When I walked into my first class, I was immediately greeted by a sea of inquiring eyes. Who is she? Where did she come from? They seemed to say. Naturally shy, I ducked my head and walked to an open seat in the back of the room.
Over the course of the year, I (gradually) opened up and started talking to more and more people. I was nice to everybody and in return, people were nice to me. I made friends in different grades and from different groups.
I remember one day I was sitting at lunch with one of my friends and she asked me what my plans for the weekend were, to which I said, “I’m sleeping over at Stacey’s house tonight.”
Before I finished, my friend made a face and said, “Wow, why are you hanging out with her? I can’t stand her.”
Those two sentences made me angry, but the thing that really angered me was when I asked why she couldn’t even provide me with a legitimate answer. All she said was, “I just don’t.”

Since the beginning of my high school career, I have looked around everyday and seen people walk around in their groups almost like they’re a source of protection from every other “outside” person. These people do not look and really see the other people around them. I see this and I can’t help but wonder why they are afraid. What makes them scared to reach out to people outside of their group?
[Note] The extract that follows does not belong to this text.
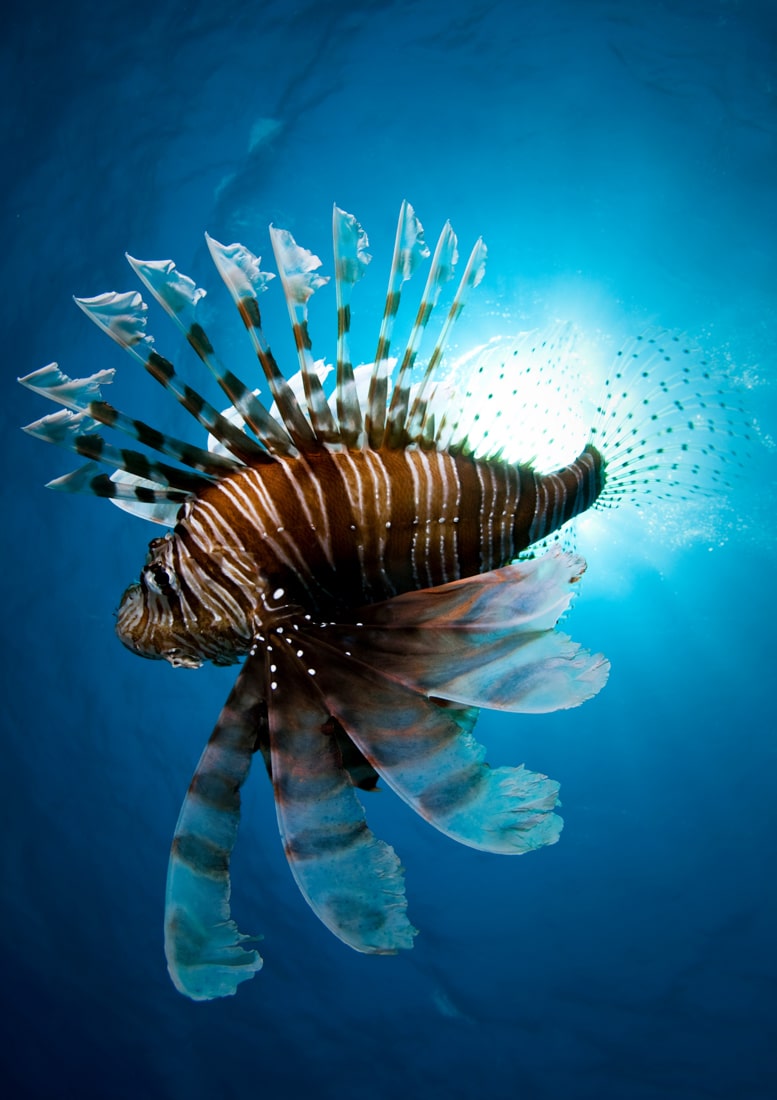 lion fish venom strings cme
Why can’t they get to know them for who they really are as opposed to listening to what they hear from their peers? When will people learn to think for themselves?
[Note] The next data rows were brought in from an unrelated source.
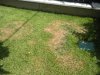 DSCN3372.jpg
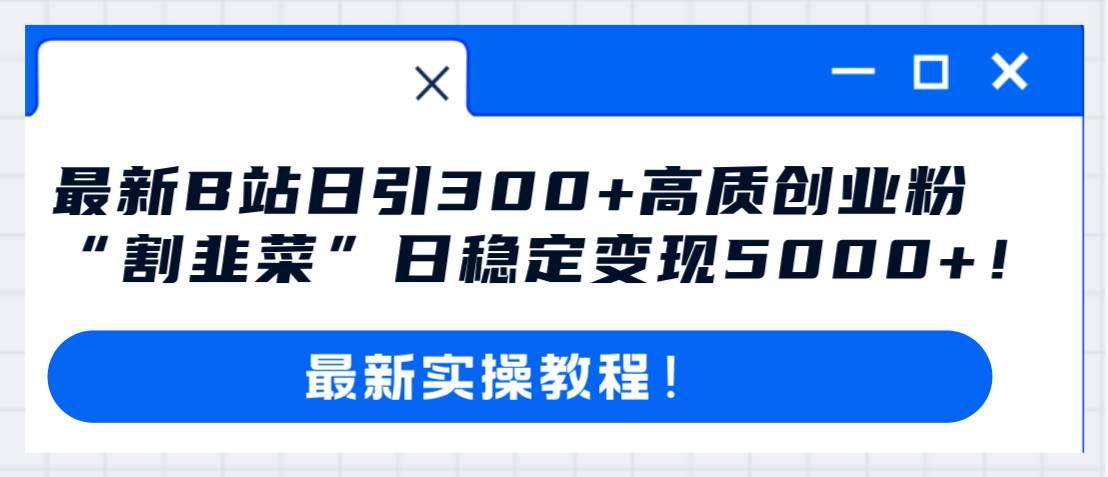 （8216期）最新B站日引300+高质创业粉教程！“割韭菜”日稳定变现5000+！-问小徐资源库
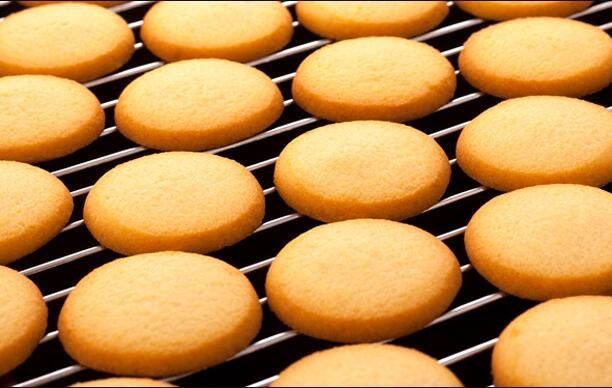 Oreo Chocolate chips cookie machine Wire cutting cookies making machine cookies depositor machine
Being the new student helped to open my eyes to how shallow and narrow-minded high school students can be. It has saddened me, made me regretful, and has even infuriated me. But the one thing that it has done is made me determined: Determined to help my friends see beauty, and glamour, and wealth is only skin deep. Determined to keep on making friends, regardless the thoughts of others. Determined to help people understand what someone wears, or how they dress or talk doesn’t make them who they are. After all, people are just people. And every person deserves a chance.